Let's dive into this with an example, mainly the example of Spotify's recommendation system - which uses a machine learning algorithm to tailor music preferences to each customer. This [blogpost](https://blogs.unimelb.edu.au/sciencecommunication/2018/08/27/how-spotify-already-knows-your-next-favourite-song/) from Holly Whiftield at UniMelb does a great job of explaining what goes into Spotify's recommendation engine.

Spotify's algorithm takes in four types of information...

1. The song titles from your library
2. Audio information from your library
3. Your most recently played playlists
4. The playlists of your network - meaning people who listen to _similar_ songs as yourself, but aren't you

It then uses this to create the following simple workflow.

![](https://blogs.unimelb.edu.au/sciencecommunication/files/2018/08/generic_algo-x0xm2c.png)

The **machine learning** portion decodes this inputted information and combines it to produce your [**Discover Weekly**](https://www.spotify.com/discoverweekly/) playlist. Now you might ask, what machine learning is used? I'll ping a few questions back at you to ponder...

* How does a machine know **what song titles are similar**? It's not quite an obvious thing...and the field of [**Natural Language Processing**](https://en.wikipedia.org/wiki/Natural_language_processing) helps out with this.
* How does a machine know **what audio files are similar**? Sound information is complex...I mean look at a raw sound wave below and tell me what **features** you would be able to pick from it.

![](https://encrypted-tbn0.gstatic.com/images?q=tbn:ANd9GcSNtFAuDQGLpxBLlVSqvjaFgPRGDNzAhaHcr6wX1T0fJhXkhQVY)

* How do we jointly combine similar playlists? This is called [**Collaborative Filtering**](https://en.wikipedia.org/wiki/Collaborative_filtering), which helps a machine learn similarities based upon music taste.

...so there's a ton of machine learning involved in this process!

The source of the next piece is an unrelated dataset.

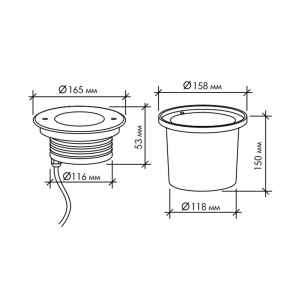 Грунтовый светодиодный светильник B2AE0602R AC240V 13W 30' IP67  (Зеленый)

![](https://media1.tenor.com/images/d255f86cd4be8a67347842a4c615f06c/tenor.gif?itemid=8009182)

### Overview of the class - what will we cover?

This class will feature six weeks of content around machine learning fundamentals. We'll cover some of the main algortihms used in practice, when it's appropriate to use these algorithms, and expose you to some of the fundamental processes used by data scinetists.

Hopefully by the end of this you'll have an idea about how to introduce machine learning within your organisation, and the skills required to successfully implement machine learning.

Here's an outline of this week and weeks to come.

---

**Week 1: Probability and Statistics**

If you think about data we collect, all of our data is usually categorized by **processes** that happen around us. Maybe we're observing weather patterns, or capturing information on mobile network traffic. If we want to start finding patterns in our data, we need to start thinking about

* modeling our data
* the randomness that governs these processes
* and relationships between these processes

Computers are really good at number crunching...and not much else, which is why machine learning comes from a large mathematical foundation, mostly governed by probability and statistics. So, we'll start there.


---

**Week 2: Linear Regression**

We'll then cover our first learning algorithm...called **linear regression**, something some of you might be familar with. If you've ever draw a trendline in excel, the process that creates that trendline uses linear regression. We'll try to **predict** some continuous variable, say the price of a house, based upon a collection of data that is related to housing prices.

---

**Week 3: Cross-Validation**

Great, so we've trained a machine learning algorithm, but how do we know if it's _good_? **Cross-validation** is the process of **tuning** an algorithm, to make sure that it is an **accurate** description of how we believe our model should behave.

---

**Week 4: Logistic Regression**

So, linear regression works really well in predicting continuous variables, but is not great at predicting **categorical variables**. A categorical variable, as it sounds, is based upon a category...for instance whether an image on my phone contains my face...or not. **Logistic regression** is very similar to linear regression, and can be used to predict categorical data.

---

**Week 5: Neural Networks**

Logistic regression is not always great though, especially when we have a lot of **complex information**. On the other hand, **neural networks**, the model that is fueling our current buzz around data science, work really well to find complex relationships, as long we have enough data. We'll take a brief look at what a neural network is, why it's become so popular, and some use cases.

---

**Week 6: Clustering**

During our last week, we'll take a look at machine learning from a different lens. We've been doing a lot of prediction, which assumes we know what we want to predict. But what happens if our data doesn't have a specific predictor variable? Maybe I have a bunch of data that represents my customers, and I just want to find **some interesting patterns?**. We'll conclude the course with a discussion on **clustering**, which is a form of **unsupervised learning**.

---

#### What won't we cover?

By the end of this course...you won't necessarily be a pro data scientist.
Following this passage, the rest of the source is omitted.